# Popping when braking, only when warm



## MyShibbyEco (Jan 21, 2012)

I am having a hard time tracking down a popping sound from my front driver side wheel area, and reading a lot that sounds similar but nothing that's fixed it yet. The sound only happens when the brakes are warmed up (after a hand full of miles), and applying brakes. If I let off, the sound immediately stops. It is a repetitive popping sound about once per tire revolution. It happens at all brake levels, but much more pronounced when lightly braking and coming to a slow stop. It also happens at all speeds (after being warm). As soon as you let off the brake pedal the sound stops.
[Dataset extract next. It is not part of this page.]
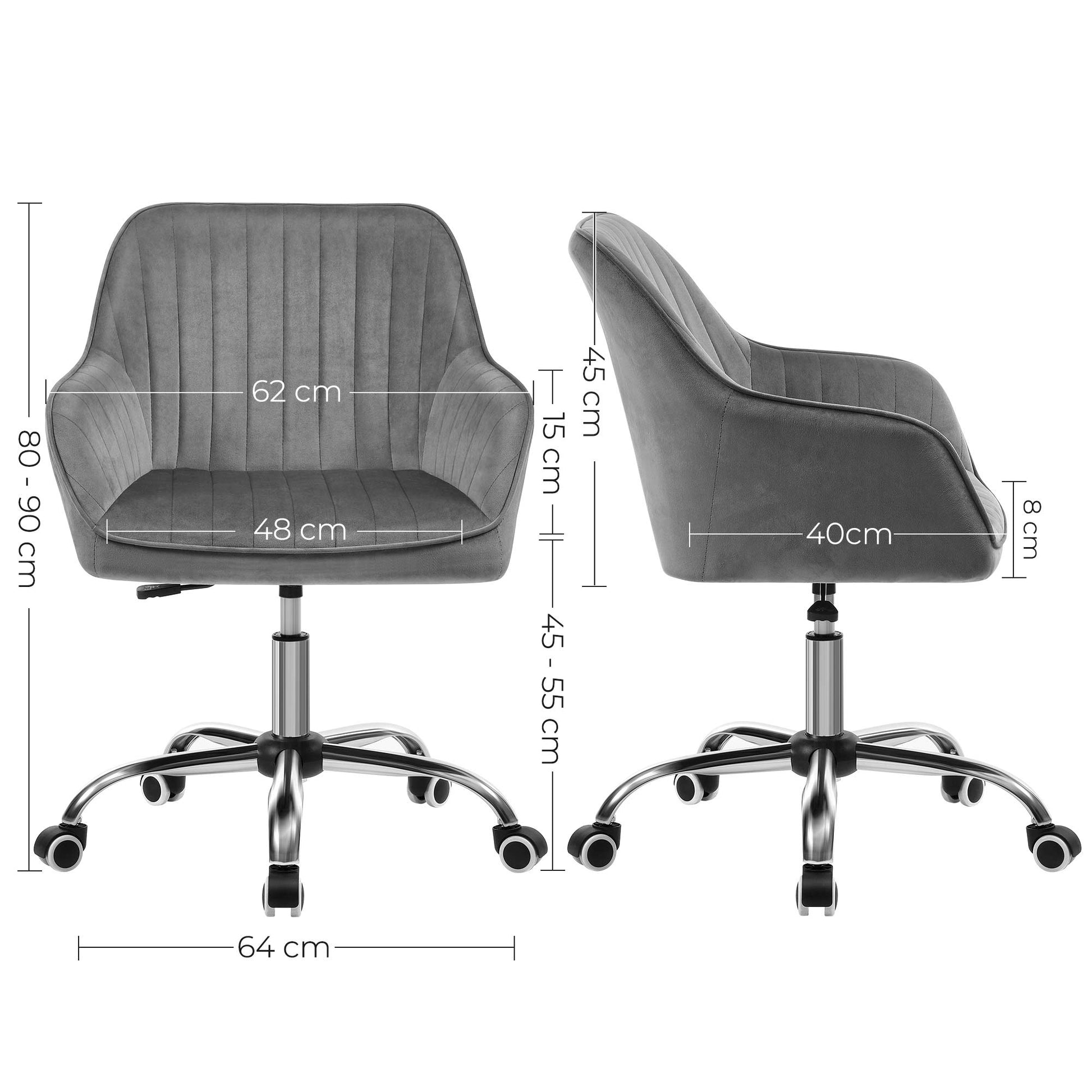 Cadeira ergonômica de mesa, cadeira de escritório, home office, cadeira de escritório, cadeira dobrável - SONGMICS, H80-90 cm, W64 cm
I have cleaned and lubricated the brakes and calipers, guide pins, all brake hardware as best I can. The pads have 20k miles on them and about 1 year (AC Delco OEM replacements). Rotors were also changed at the same time. I have replaced the sway bar end links with moog links about 90k miles ago. Vehicle has 120k total miles.

I do not believe it is the strut, and the bearing passes the 6-12 o'clock shake test. I will look at the lower control arm soon in case the ball joint/bushings is the culprit. Is there a way to check the CV joint that doesn't involve removing it?

Any help is much appreciated.


----------



## mikestony (Jan 17, 2013)

Are your brake pads secure in the slots? (don't know the technical term sorry). Could be that the pad is a tad loose and the unevenness of the rotor is causing it to move and slap within the slots?
Just a thought.


----------



## MyShibbyEco (Jan 21, 2012)

Late follow up for future readers. I had a cracked rotor on the backside, causing the crack to make noise as it passed the pad. Replaced rotors and everything is back to normal.


----------



## BDCCruze (Jul 12, 2017)

Boy, sounds like the issue I have been experiencing. Thing is I had my rotors machined down. Other than the driver's front being out, there were no cracks. Still an issue for me.

https://www.cruzetalk.com/forum/12-gen1-wheels-tires-brakes-suspension/229506-14-cruze-knocking.html


----------